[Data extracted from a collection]
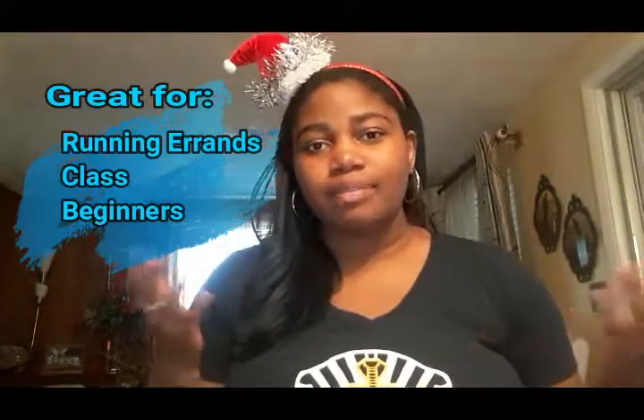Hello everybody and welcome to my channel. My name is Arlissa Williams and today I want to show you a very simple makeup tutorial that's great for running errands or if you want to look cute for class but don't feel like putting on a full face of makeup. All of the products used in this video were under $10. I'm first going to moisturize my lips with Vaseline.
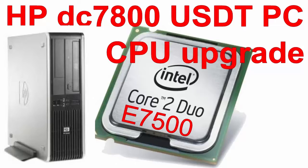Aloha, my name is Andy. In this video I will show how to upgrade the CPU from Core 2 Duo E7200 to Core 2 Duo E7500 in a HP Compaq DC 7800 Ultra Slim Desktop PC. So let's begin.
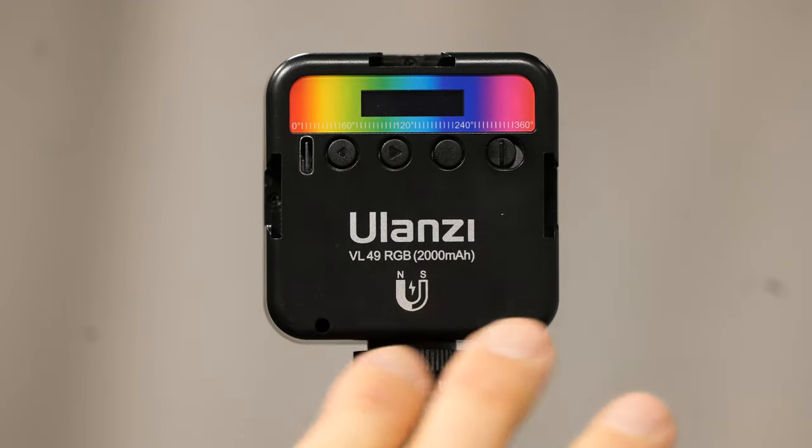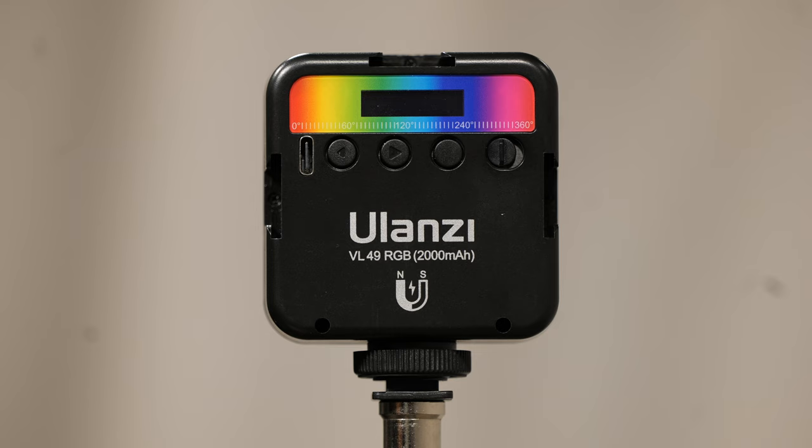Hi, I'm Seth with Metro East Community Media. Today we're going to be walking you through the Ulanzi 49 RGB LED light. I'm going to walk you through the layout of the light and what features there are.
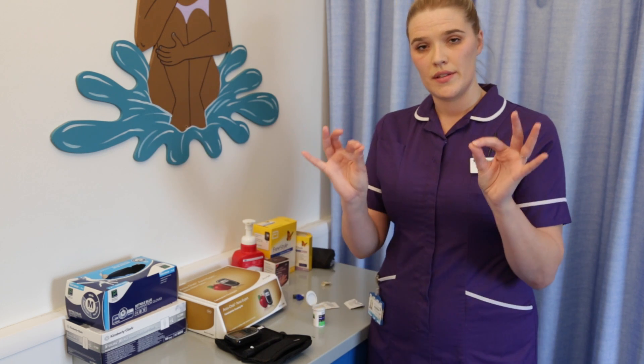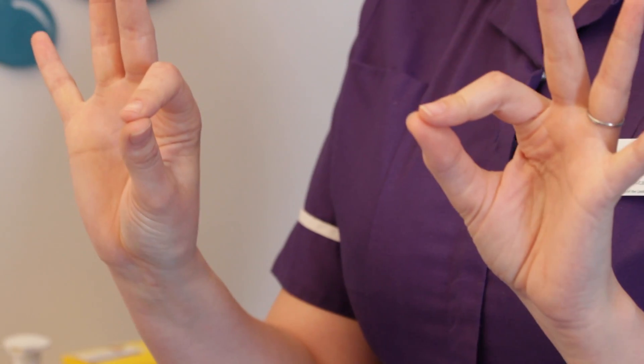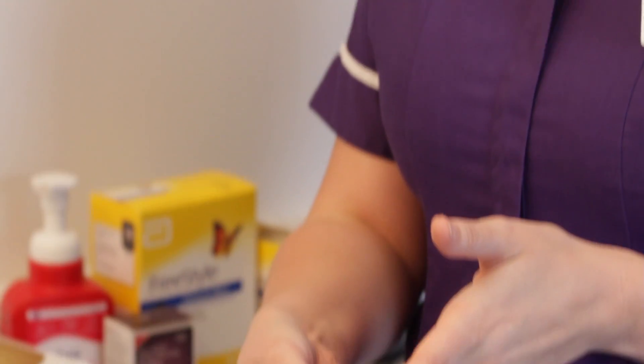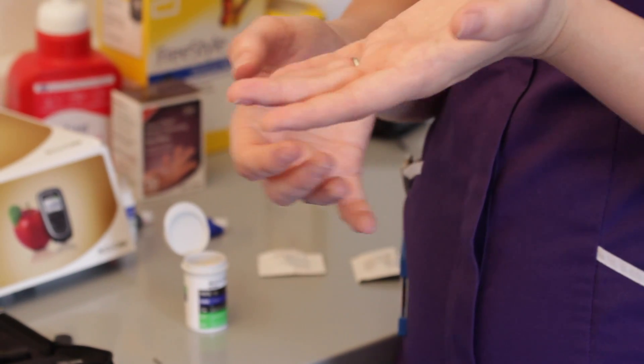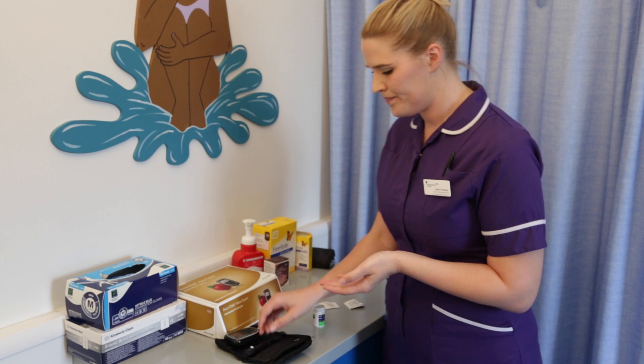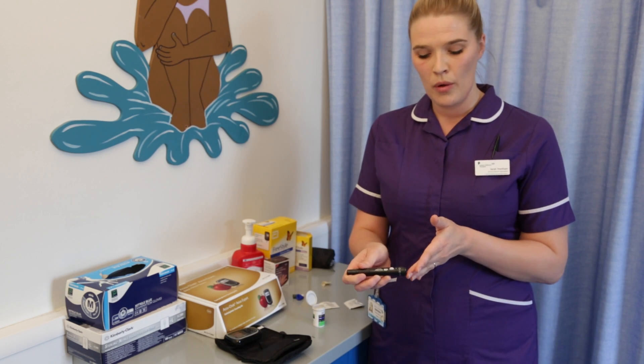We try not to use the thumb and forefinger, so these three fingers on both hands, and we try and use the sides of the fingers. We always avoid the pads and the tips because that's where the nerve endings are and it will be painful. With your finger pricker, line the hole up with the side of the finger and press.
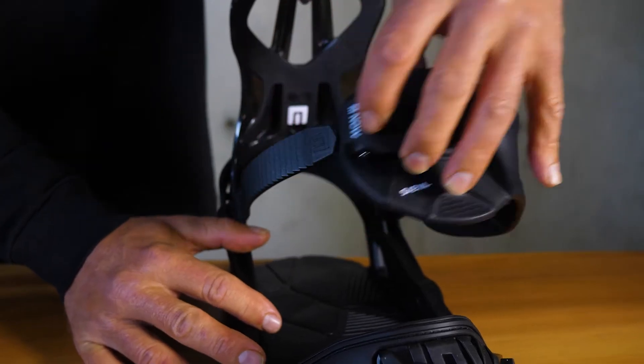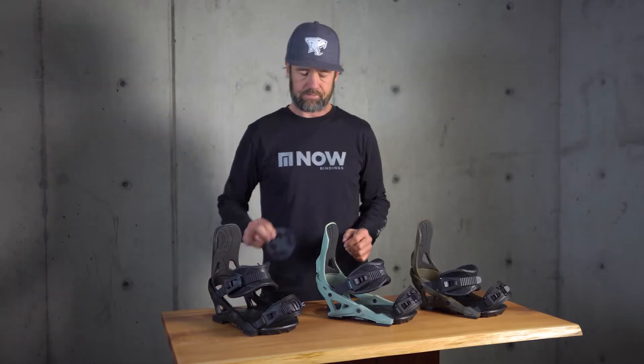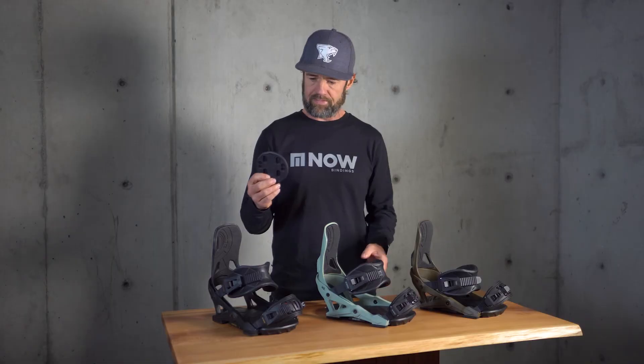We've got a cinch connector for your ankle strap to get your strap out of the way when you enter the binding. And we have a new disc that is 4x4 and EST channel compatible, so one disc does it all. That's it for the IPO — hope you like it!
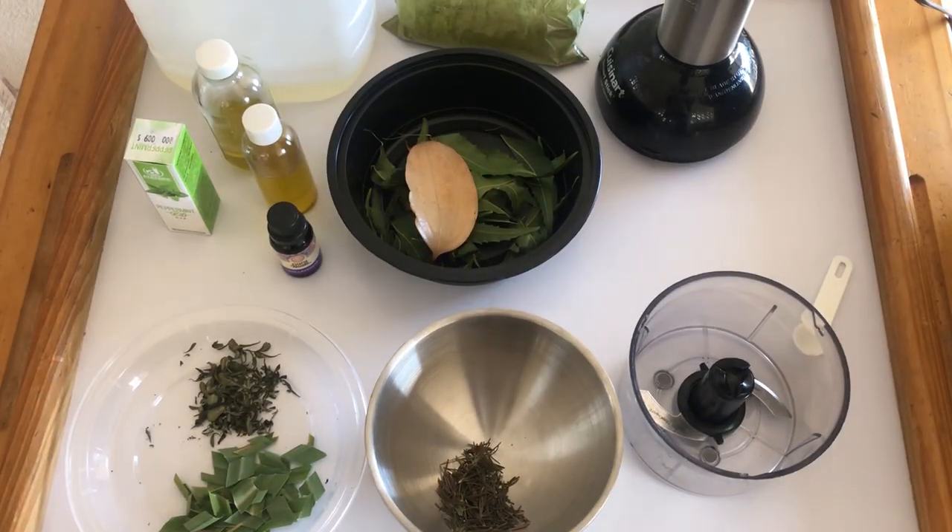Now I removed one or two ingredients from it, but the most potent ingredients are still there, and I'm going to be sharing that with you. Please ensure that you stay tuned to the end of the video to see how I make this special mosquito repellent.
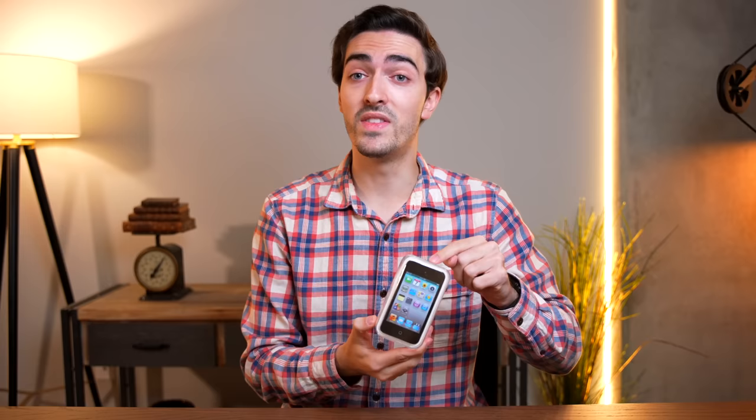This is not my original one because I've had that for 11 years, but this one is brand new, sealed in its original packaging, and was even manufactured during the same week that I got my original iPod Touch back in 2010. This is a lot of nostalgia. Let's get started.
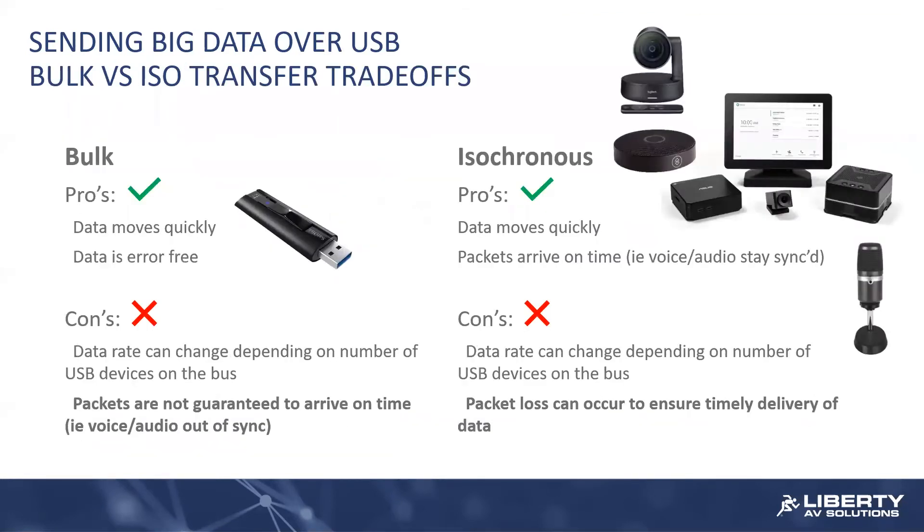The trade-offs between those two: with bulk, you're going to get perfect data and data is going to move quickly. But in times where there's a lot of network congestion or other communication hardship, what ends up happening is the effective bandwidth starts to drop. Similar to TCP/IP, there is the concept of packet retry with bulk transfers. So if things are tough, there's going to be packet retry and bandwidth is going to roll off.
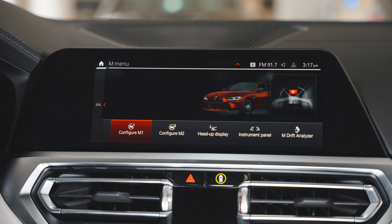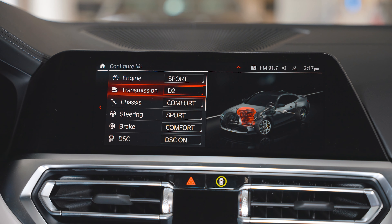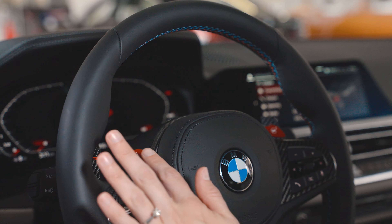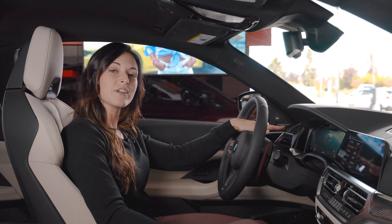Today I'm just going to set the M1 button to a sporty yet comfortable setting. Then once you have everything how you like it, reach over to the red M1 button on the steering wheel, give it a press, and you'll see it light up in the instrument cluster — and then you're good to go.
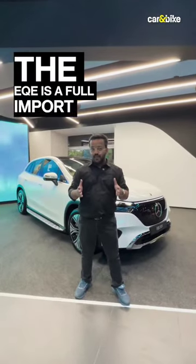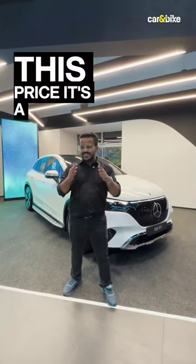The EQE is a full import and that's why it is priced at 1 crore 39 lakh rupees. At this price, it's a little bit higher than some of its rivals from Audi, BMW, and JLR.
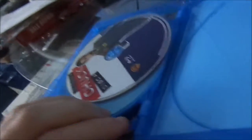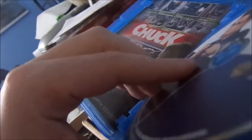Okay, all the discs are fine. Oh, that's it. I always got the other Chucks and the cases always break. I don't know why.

- To do -
Line by line, retype the records above exactly, minus the images.

- Expected answer -
Hello everybody and welcome to my channel. My name is Arlissa Williams and today I want to show you a very simple makeup tutorial that's great for running errands or if you want to look cute for class but don't feel like putting on a full face of makeup. All of the products used in this video were under $10. I'm first going to moisturize my lips with Vaseline.
Aloha, my name is Andy. In this video I will show how to upgrade the CPU from Core 2 Duo E7200 to Core 2 Duo E7500 in a HP Compaq DC 7800 Ultra Slim Desktop PC. So let's begin.
Hi, I'm Seth with Metro East Community Media. Today we're going to be walking you through the Ulanzi 49 RGB LED light. I'm going to walk you through the layout of the light and what features there are.
We try not to use the thumb and forefinger, so these three fingers on both hands, and we try and use the sides of the fingers. We always avoid the pads and the tips because that's where the nerve endings are and it will be painful. With your finger pricker, line the hole up with the side of the finger and press.
We've got a cinch connector for your ankle strap to get your strap out of the way when you enter the binding. And we have a new disc that is 4x4 and EST channel compatible, so one disc does it all. That's it for the IPO — hope you like it!
Now I removed one or two ingredients from it, but the most potent ingredients are still there, and I'm going to be sharing that with you. Please ensure that you stay tuned to the end of the video to see how I make this special mosquito repellent.
This is not my original one because I've had that for 11 years, but this one is brand new, sealed in its original packaging, and was even manufactured during the same week that I got my original iPod Touch back in 2010. This is a lot of nostalgia. Let's get started.
The trade-offs between those two: with bulk, you're going to get perfect data and data is going to move quickly. But in times where there's a lot of network congestion or other communication hardship, what ends up happening is the effective bandwidth starts to drop. Similar to TCP/IP, there is the concept of packet retry with bulk transfers. So if things are tough, there's going to be packet retry and bandwidth is going to roll off.
Today I'm just going to set the M1 button to a sporty yet comfortable setting. Then once you have everything how you like it, reach over to the red M1 button on the steering wheel, give it a press, and you'll see it light up in the instrument cluster — and then you're good to go.
The EQE is a full import and that's why it is priced at 1 crore 39 lakh rupees. At this price, it's a little bit higher than some of its rivals from Audi, BMW, and JLR.
Okay, all the discs are fine. Oh, that's it. I always got the other Chucks and the cases always break. I don't know why.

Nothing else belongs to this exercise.